Line tally for "doing": state how many lines of the entries include it, with no other text.
═══ MATERIALS PROVIDED ═══
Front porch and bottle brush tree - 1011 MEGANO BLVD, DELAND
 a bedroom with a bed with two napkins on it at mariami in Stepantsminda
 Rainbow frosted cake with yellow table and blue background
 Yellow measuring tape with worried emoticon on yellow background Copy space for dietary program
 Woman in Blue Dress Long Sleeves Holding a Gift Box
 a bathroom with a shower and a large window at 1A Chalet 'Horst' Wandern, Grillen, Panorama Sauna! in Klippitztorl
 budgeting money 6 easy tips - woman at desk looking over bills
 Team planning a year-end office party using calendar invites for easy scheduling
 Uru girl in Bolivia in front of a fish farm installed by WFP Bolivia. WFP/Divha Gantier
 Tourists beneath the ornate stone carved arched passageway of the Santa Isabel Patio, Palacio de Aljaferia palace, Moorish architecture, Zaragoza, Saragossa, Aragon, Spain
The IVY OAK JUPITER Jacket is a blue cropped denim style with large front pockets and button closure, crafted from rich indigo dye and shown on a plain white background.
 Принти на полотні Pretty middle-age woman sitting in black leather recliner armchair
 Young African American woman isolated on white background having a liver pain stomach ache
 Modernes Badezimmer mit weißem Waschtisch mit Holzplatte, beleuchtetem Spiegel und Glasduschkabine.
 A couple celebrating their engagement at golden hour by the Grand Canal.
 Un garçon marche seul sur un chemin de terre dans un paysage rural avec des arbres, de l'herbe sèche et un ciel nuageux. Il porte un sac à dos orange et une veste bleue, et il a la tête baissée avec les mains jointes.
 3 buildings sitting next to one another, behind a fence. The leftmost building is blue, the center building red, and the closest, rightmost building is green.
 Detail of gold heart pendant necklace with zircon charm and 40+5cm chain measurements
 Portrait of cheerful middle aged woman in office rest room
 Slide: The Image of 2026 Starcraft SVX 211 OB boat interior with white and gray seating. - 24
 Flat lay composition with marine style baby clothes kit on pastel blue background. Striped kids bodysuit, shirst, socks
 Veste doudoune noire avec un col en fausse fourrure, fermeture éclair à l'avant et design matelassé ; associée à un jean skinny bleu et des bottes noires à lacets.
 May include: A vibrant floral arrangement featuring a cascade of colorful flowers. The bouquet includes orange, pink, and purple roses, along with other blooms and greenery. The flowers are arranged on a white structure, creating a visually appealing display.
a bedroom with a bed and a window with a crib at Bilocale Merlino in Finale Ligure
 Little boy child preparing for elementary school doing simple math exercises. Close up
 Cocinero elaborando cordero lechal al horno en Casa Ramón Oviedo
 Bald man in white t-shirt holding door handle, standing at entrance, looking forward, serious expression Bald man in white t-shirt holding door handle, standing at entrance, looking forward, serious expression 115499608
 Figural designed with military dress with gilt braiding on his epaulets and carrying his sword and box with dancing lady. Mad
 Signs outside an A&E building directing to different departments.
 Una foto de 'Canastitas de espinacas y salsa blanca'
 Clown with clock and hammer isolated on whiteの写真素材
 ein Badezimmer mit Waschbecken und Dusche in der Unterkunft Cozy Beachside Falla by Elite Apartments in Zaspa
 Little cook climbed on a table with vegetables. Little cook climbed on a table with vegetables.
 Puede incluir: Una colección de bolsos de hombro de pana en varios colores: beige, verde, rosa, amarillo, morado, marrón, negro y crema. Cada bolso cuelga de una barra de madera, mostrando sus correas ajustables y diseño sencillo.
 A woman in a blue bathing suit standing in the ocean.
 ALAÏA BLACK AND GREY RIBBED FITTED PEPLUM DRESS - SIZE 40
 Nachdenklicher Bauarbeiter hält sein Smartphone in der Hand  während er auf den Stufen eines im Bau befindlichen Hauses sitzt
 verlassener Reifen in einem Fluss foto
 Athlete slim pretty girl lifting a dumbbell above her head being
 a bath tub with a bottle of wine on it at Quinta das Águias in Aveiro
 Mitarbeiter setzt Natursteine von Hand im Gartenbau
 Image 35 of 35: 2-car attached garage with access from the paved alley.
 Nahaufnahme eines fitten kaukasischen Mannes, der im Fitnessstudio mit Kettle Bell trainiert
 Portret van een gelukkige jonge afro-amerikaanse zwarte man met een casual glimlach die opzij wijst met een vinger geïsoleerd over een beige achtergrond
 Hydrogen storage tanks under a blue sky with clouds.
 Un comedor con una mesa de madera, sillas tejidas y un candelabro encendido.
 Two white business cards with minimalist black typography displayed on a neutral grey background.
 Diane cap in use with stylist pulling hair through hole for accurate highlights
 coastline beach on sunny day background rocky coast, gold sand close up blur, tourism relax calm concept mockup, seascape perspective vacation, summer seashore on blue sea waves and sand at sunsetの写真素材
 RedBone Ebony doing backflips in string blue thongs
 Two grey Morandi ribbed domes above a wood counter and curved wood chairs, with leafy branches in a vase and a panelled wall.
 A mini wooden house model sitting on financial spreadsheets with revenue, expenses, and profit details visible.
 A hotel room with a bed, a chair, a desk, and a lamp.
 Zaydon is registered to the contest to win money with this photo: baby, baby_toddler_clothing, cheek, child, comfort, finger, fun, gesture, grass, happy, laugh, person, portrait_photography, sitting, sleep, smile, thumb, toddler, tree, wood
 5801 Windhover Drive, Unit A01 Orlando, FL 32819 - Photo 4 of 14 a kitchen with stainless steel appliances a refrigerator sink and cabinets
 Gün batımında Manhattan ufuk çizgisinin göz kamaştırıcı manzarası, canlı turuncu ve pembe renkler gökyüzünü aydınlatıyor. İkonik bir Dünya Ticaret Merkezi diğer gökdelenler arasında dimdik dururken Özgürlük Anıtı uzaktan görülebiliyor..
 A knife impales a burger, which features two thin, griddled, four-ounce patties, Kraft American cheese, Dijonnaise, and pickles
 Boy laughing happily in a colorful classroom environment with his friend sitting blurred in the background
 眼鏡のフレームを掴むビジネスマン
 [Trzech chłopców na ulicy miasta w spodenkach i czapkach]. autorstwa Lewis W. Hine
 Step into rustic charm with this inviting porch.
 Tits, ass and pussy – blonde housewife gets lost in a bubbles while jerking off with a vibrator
═══
=== TASK RESPONSE ===
2